Task directions:
Transcribe each line below verbatim; pictures excluded.

Stored data:

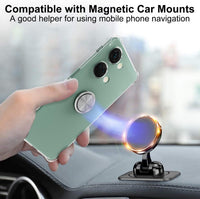 Kickstand Case Compatible with OnePlus Nord 3 5G, Crystal CLEAR Protective Soft TPU Shockproof Case with 360 Degree Magnetic Ring Cover - Silver Ring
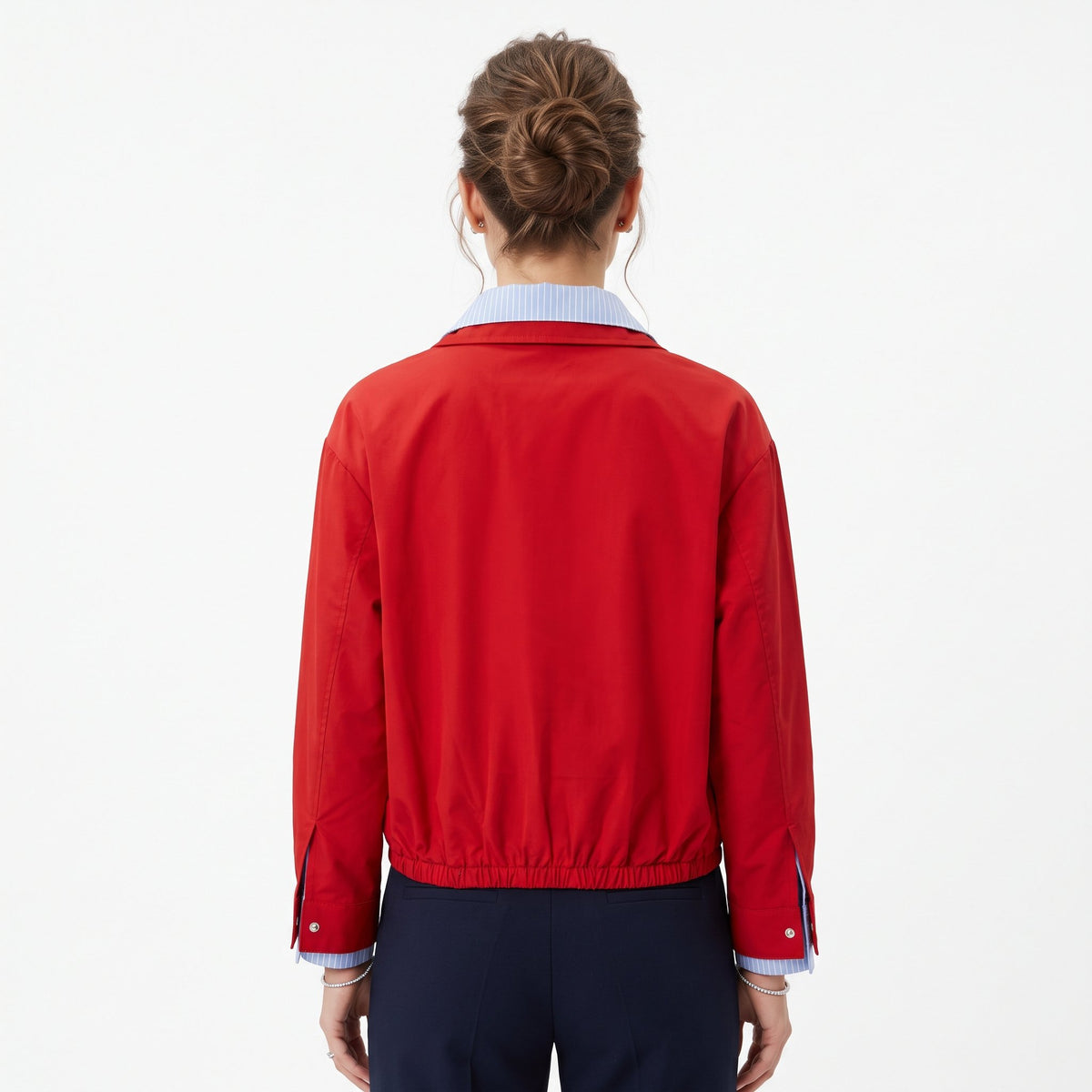 Bomber Jacket Casual Everyday Outerwear - Red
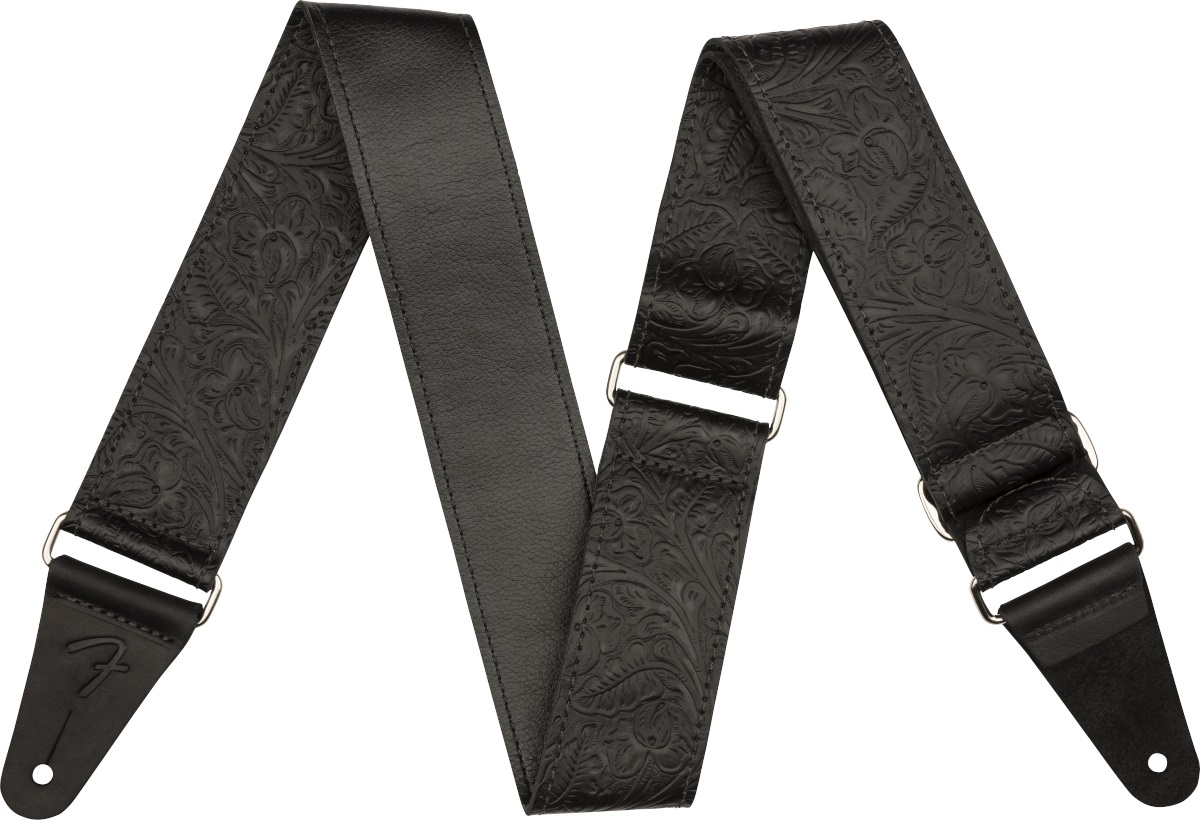 Levně Fender Tooled Leather Guitar Strap Black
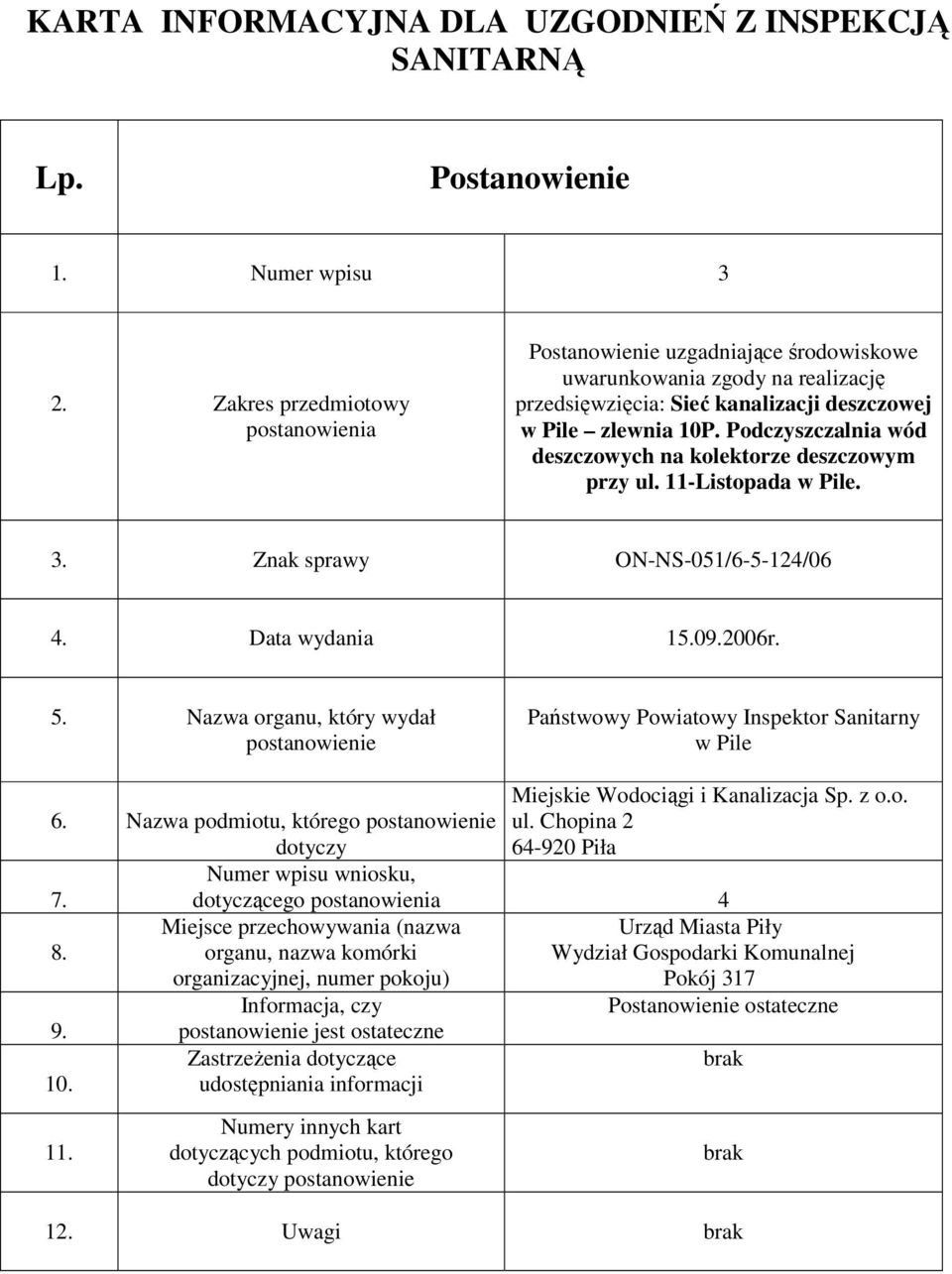 Data wydania 15.02006r. Miejskie Wodociągi i Kanalizacja Sp. z o.o. ul. Chopina 2 6.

Written reply:
 Kickstand Case Compatible with OnePlus Nord 3 5G, Crystal CLEAR Protective Soft TPU Shockproof Case with 360 Degree Magnetic Ring Cover - Silver Ring
 Bomber Jacket Casual Everyday Outerwear - Red
 Levně Fender Tooled Leather Guitar Strap Black
 Data wydania 15.02006r. Miejskie Wodociągi i Kanalizacja Sp. z o.o. ul. Chopina 2 6.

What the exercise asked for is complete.